The Chicago Bulls and Houston Rockets are reportedly both prepared to toss their hats in the Anthony sweepstakes. The No. 4 seeds in their respective conferences, Chicago and Houston apparently each see Anthony as the missing puzzle piece.
Adrian Wojnarowski of Yahoo! Sports explained:
Anthony has free-agent options, and two have risen above everything else: Chicago and Houston, sources with direct knowledge of his plans told Yahoo Sports. The Bulls have an easier path to clear the necessary salary-cap space to sign Anthony, but the Rockets believe they can shed the contracts necessary to offer a third near-max deal alongside Dwight Howard and James Harden, league sources said.
Technically, Anthony isn't yet an official part of the 2014 free-agent class. He has another year left on his contract that he would need to opt out of first.
Entering free agency is one thing but leaving the Empire State would be quite another.
There are reasons, tangible and intangible, to gut it out in the Big Apple.
The Knicks can offer him an additional year and roughly $30 million more than any other team. They can also give him the chance to work under newly named president Phil Jackson, who sounded eager to work with the reigning scoring champ.
"I have no problems with committing to saying Carmelo is in the future plans," Jackson said during his introductory press conference Tuesday, via Ian Begley of ESPN New York, "I think Carmelo, as great a player as he is, still has another level he can go to."
The question now is whether he'll try to reach that next gear in New York. That's reportedly still his preference, but it's far from the only door that will be open to him.
"He'll give New York every option," a source told Wojnarowski, "But he has options—and he's going to explore them all."
All three franchises could put superstars around him, but the Knicks would almost certainly need to wait another year to make that happen.
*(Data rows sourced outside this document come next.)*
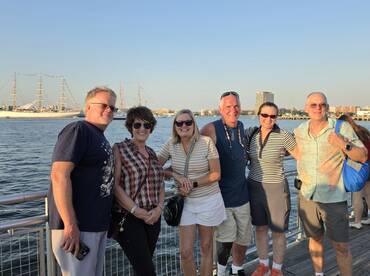 A cheerful group of friends poses together at a waterfront, enjoying a sunny day with a tall ship in the background — perfect for memorable outings and celebrations.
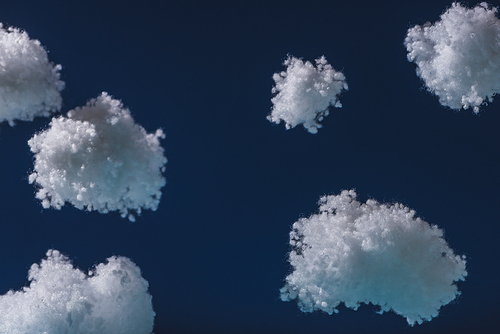 white fluffy clouds made of cotton wool isolated on dark blue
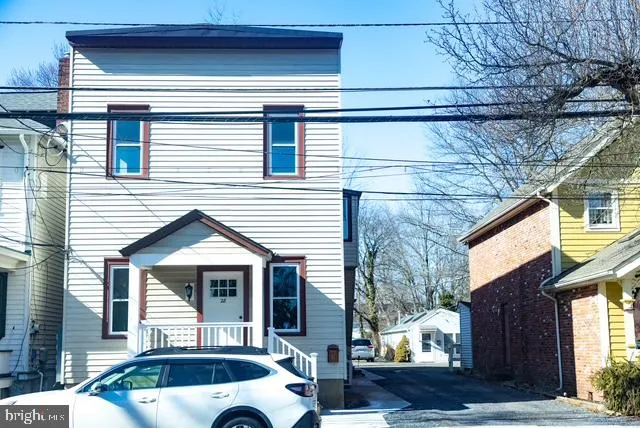 a front view of a house with parking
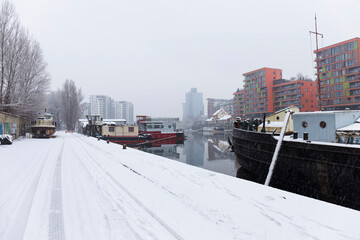 Snowy winter Harbor above River Vltava, Holesovice, the most cool Prague District, Czech Republic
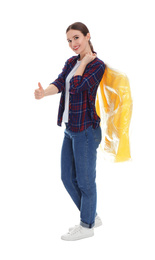 Photo of Young woman holding hanger with jacket on white background. Dry-cleaning service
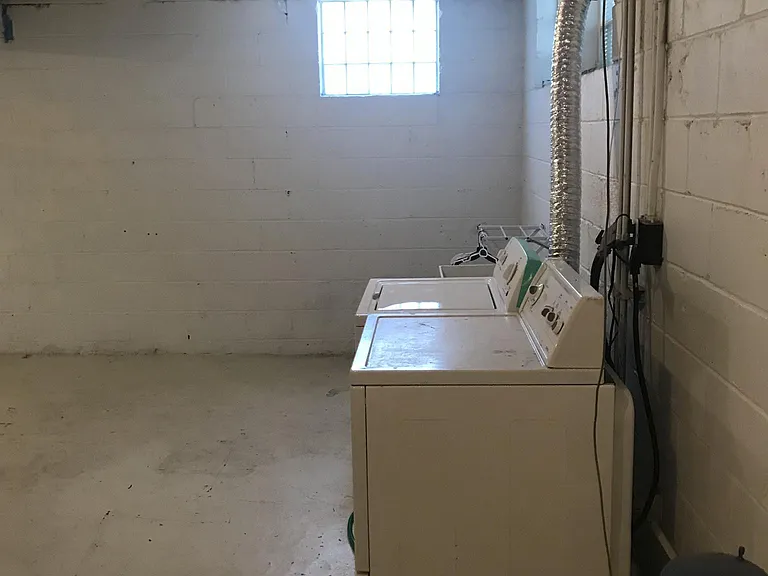 Basement with washer and dryer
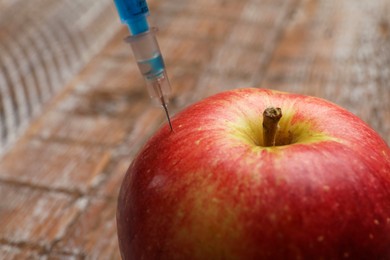 Photo of GMO concept. Injecting apple with syringe on blurred background, closeup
The eight-figure contracts of Amar'e Stoudemire, Tyson Chandler and Andrea Bargnani all expire in 2015, positioning the organization to be a major player for what could be a star-studded class.
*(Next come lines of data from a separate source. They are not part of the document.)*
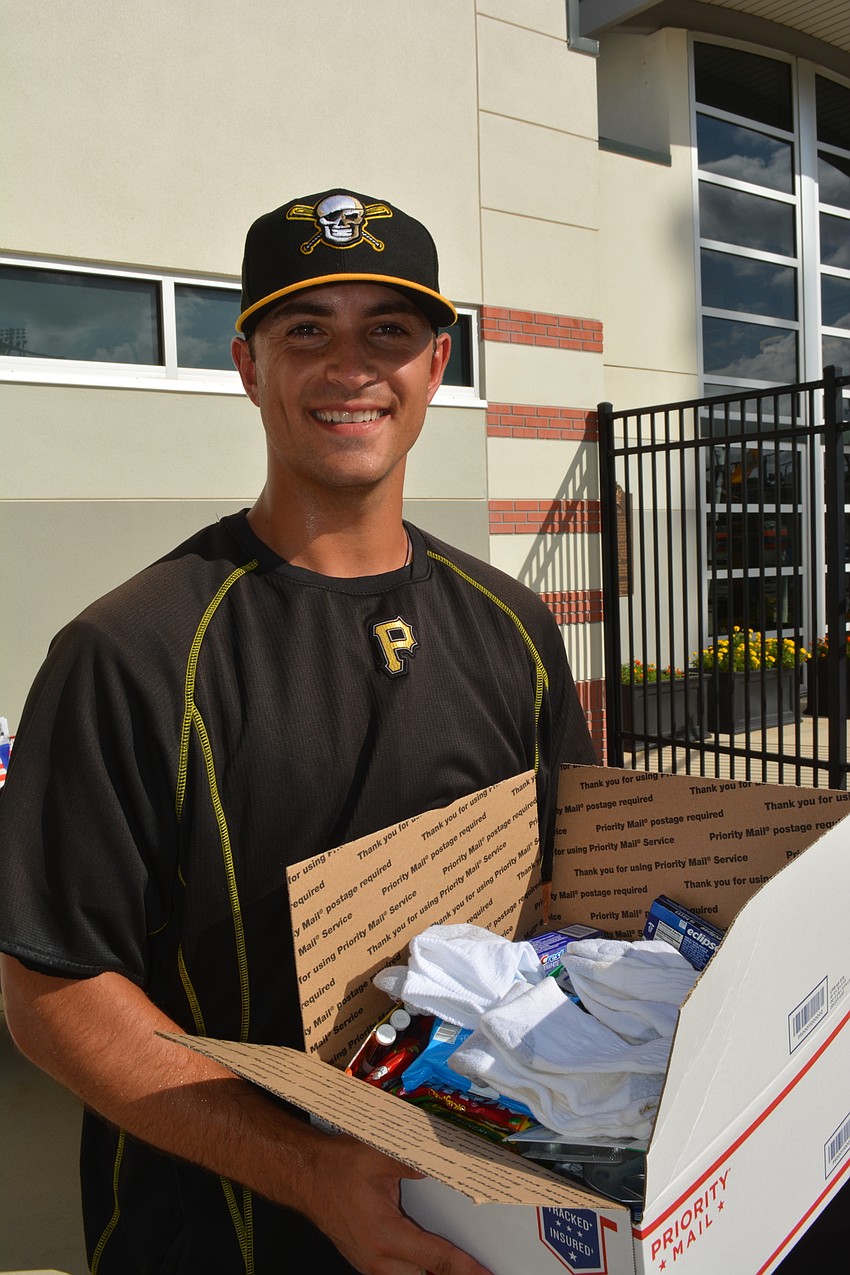 Marauders pitcher Jess Amedee carries a Manatee Operation Troop Support box on Military Appreciation Night June 2 at LECOM Park.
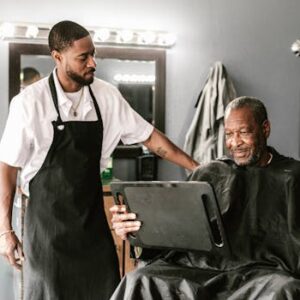 A barber and his client enjoying a moment in a modern barbershop, highlighting friendly service.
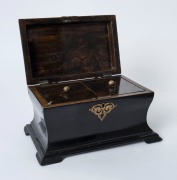An antique English tea caddy with lacquered black Japanned finish and ornate brass mounts, interior fitted with two compartments with hand-painted simulated walnut finish, 19th century, 12cm high, 23.5cm wide, 15.5cm deep - 2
This decision may hinge on how quickly Anthony's championship clock is ticking. With three total playoff series wins on his resume, he might need to seek out elite-level assistance to validate his place in the NBA's aristocracy.
New York can sell Anthony on its rich history and potentially bright future. If he's thinking about the present, though, it will be tough for the Knicks to match what the Rockets and Bulls can bring to the table.